Wolff’s book is the book of a gossip columnist — an entertaining one at that, but one who has a strong penchant for disregard for the facts and for thorough sourcing, particularly when these interfere with a narrative. It begins and ends with Steve Bannon, who Wolff makes no effort to disguise as his primary source for, well, virtually everything in this book.
Bannon is the main character in this story, with multiple chapters focused almost exclusively on what Bannon’s role is within the West Wing drama, even to the point of adopting his unique language and shorthand about his various rivals. The book overall reflects his viewpoint as the new world of the Washington DC political environment, which he spent his career railing against, now places him as a cog within the machine.

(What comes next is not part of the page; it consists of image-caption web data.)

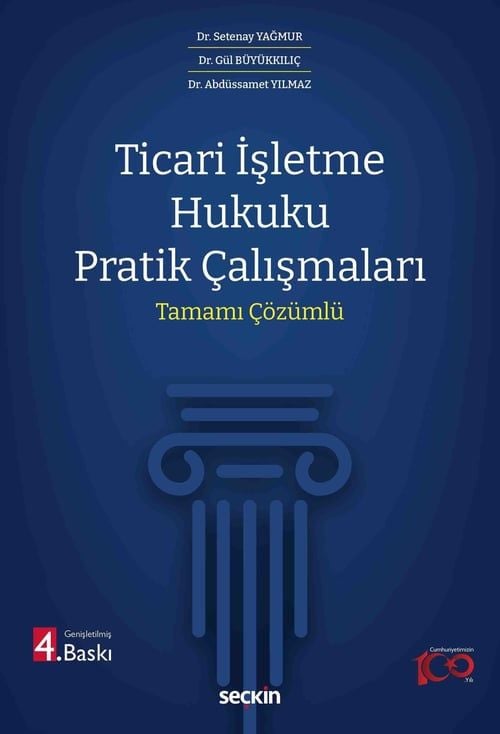 Ticari İşletme Hukuku Pratik Çalışmaları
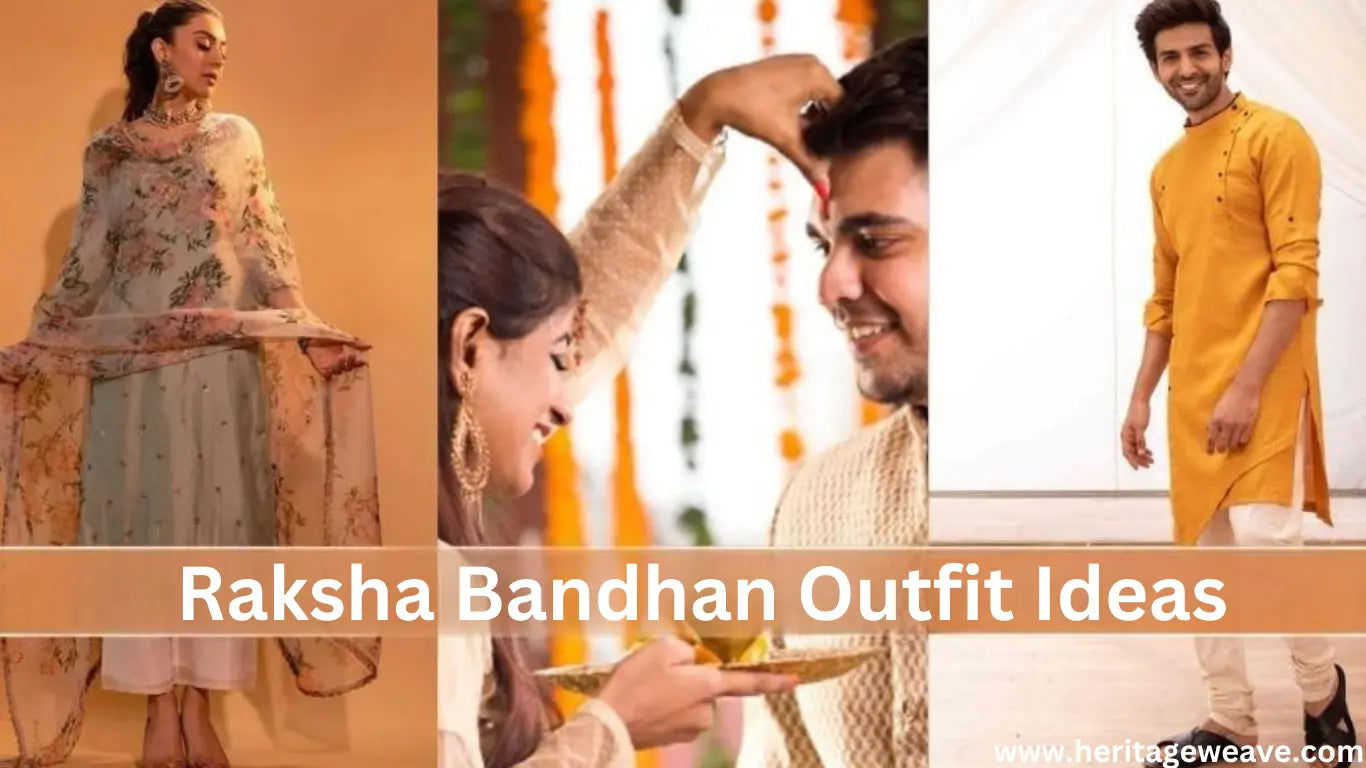 Raksha Bandhan Outfit Ideas – Heritage Weaves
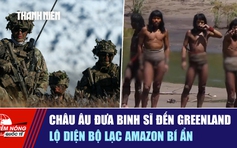 Tiêu điểm quốc tế ngày 17.1: Châu Âu đưa binh sĩ đến Greenland | Lộ diện bộ lạc Amazon bí ẩn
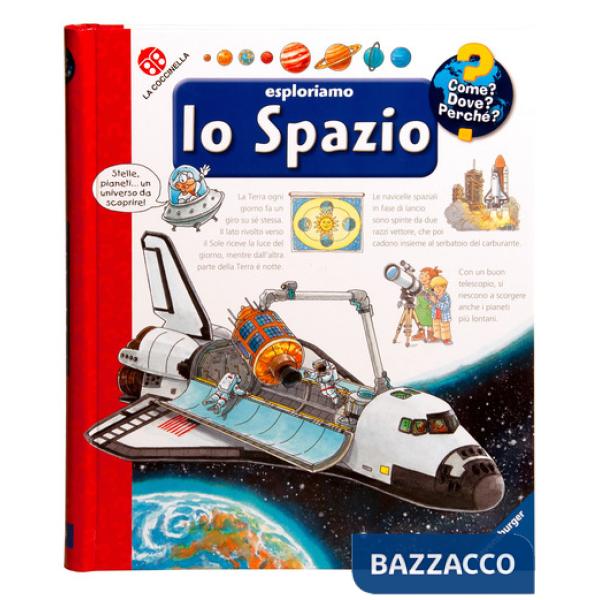 Esploriamo lo spazio. Ediz. illustrata
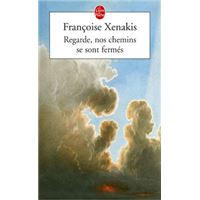 Regarde, nos chemins se sont fermés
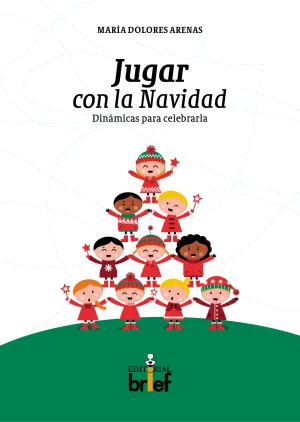 Jugar con la Navidad: Dinamicas para Celebrarla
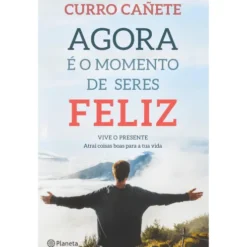 Agora é o Momento de Seres Feliz de Curro Cañete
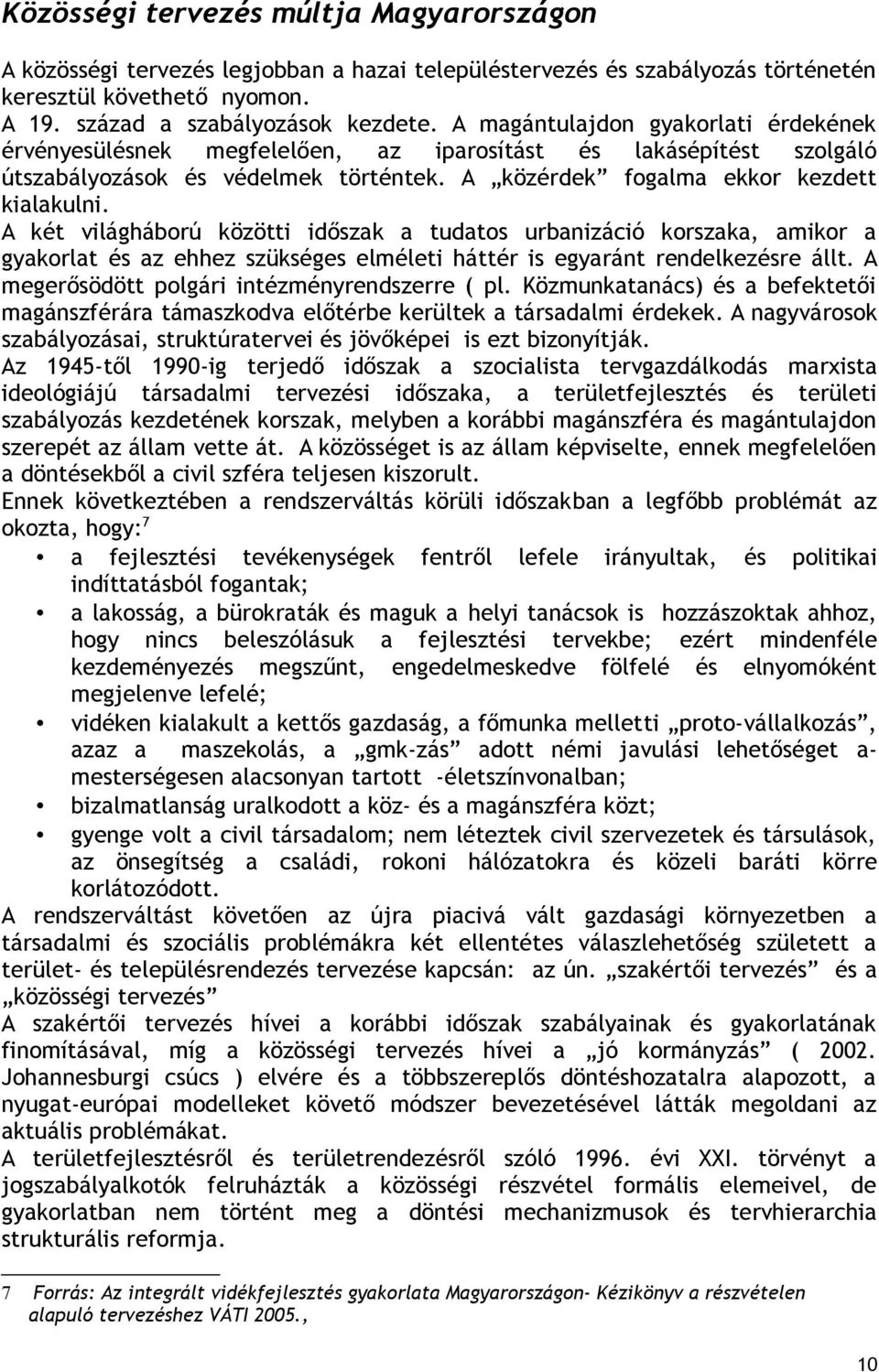 A két világháború közötti időszak a tudatos urbanizáció korszaka, amikor a gyakorlat és az ehhez szükséges elméleti háttér is egyaránt rendelkezésre állt.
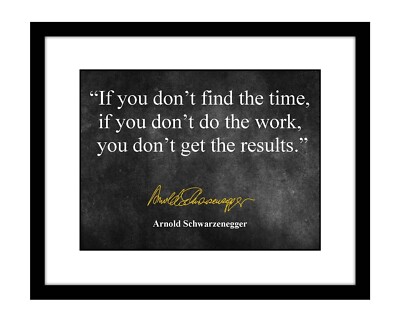 Arnold Schwarzenegger 8x10 signed print Inspirational Work Quote muscle fitness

Wolff fawns over Bannon repeatedly in ways that ought to make even the most credulous reader blush. The opening sentence describes Bannon in January of 2017 as “among the world’s most powerful men”, and the closing passage describes a Bannon boldly proclaiming support from the most powerful Republican donors — the Mercers, Sheldon Adelson, Bernie Marcus, and Peter Thiel — as he begins to build a campaign organization for a 2020 run for the White House. This being Wolff, there is no indication that he checked with any of these donors about this Bannon claim being true (and donors are beginning to deny it). But truth is not the point of this book, after all.
That’s the real problem with this book. Brian Stelter and Jake Tapper got into a Twitter back and forth the other day, with Tapper taking issue with Stelter’s contention that the book “rings true” in certain respects.
Having many errors but “ringing true” is not a journalistic standard.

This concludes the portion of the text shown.